Search code examples
aws-lambdaamazon-neptune

AWS Neptune connection pool settings


We're using a connection pool to communicate with AWS Neptune from an AWS Lambda. Due to this, we are experiencing various connection problems. Usually, it happens after a maintenance window and requires a Neptune restart to fix it.

For example, below is an error rised in a Python Lambda after an automatic SSL certificate rollout in AWS Neptune:

Max retries exceeded with url: /endpoint/ (Caused by SSLError(SSLCertVerificationError(1, 
'[SSL: CERTIFICATE_VERIFY_FAILED] certificate verify failed: certificate has expired (_ssl.c:1131)')))
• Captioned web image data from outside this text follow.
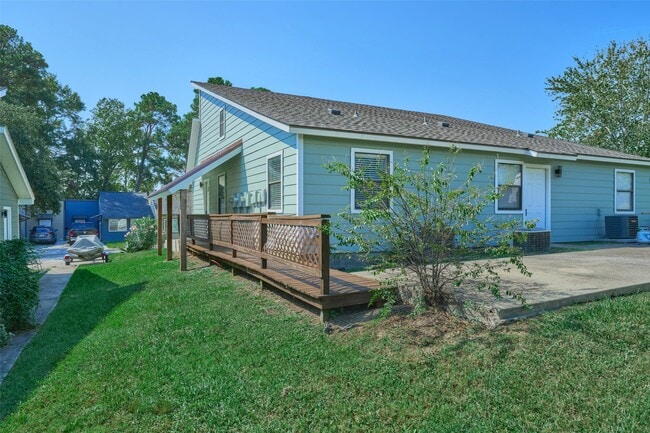 Photo - 21 Harbour Row Dr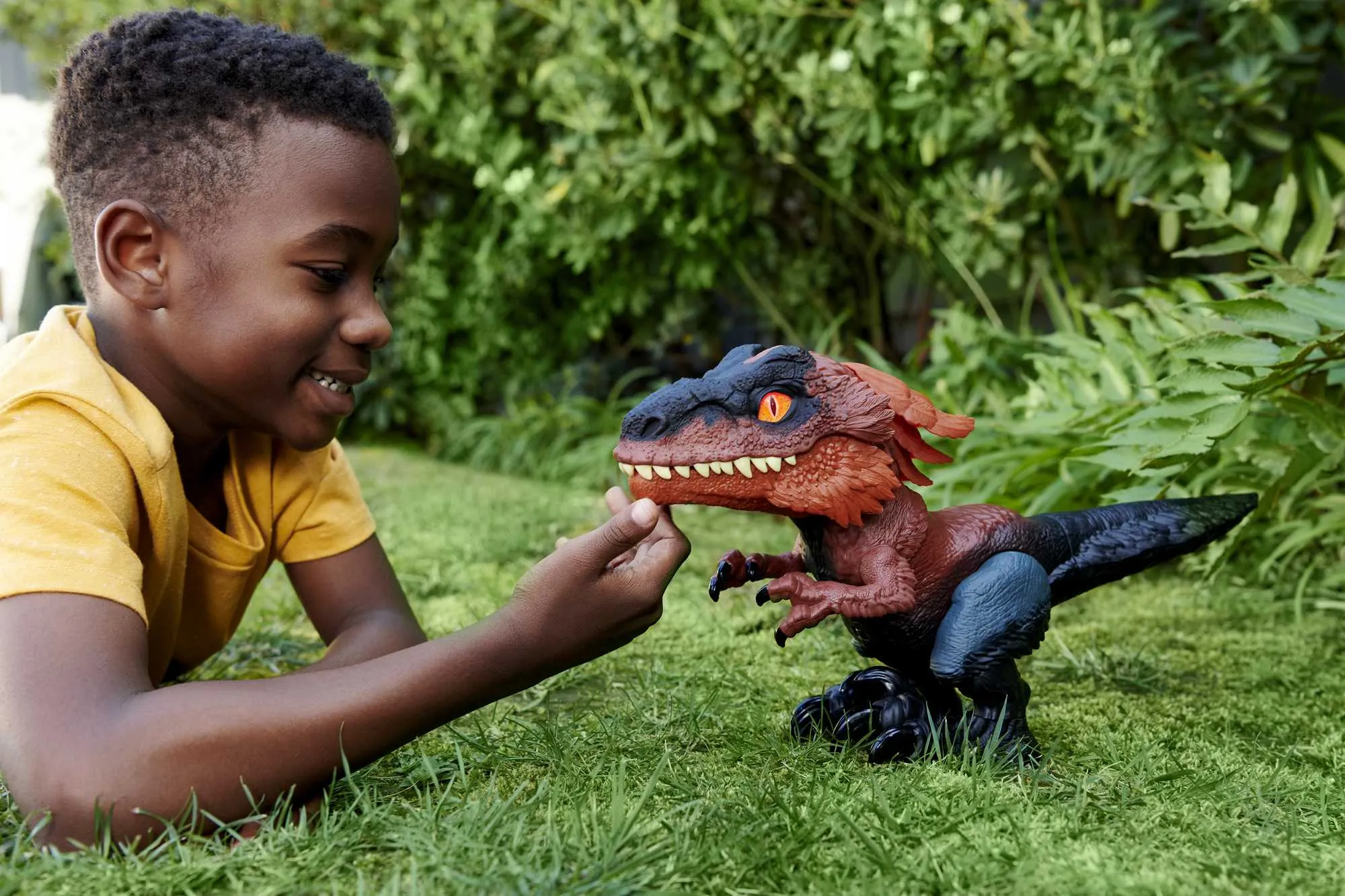Jurassic World Uncaged Ultimate Fire Dino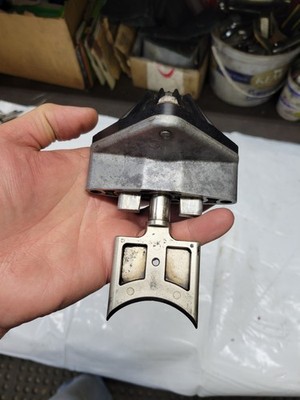 2002-2005 Polaris Pro X X2 XR Edge XCSP RMK 800 Stainless steel valve 2202838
This behavior seems to be related to the Neptune Endpoint functionality and is mentioned in the AWS Doc

A custom endpoint for a Neptune cluster represents a set of DB instances that you choose. When you connect to the endpoint, Neptune chooses one of the instances in the group to handle the connection.

When you add a DB instance to a custom endpoint or remove it from a custom endpoint, any existing connections to that DB instance remain active.

As far as a connection is still valid, it's not removed from the pool despite its not functioning anymore.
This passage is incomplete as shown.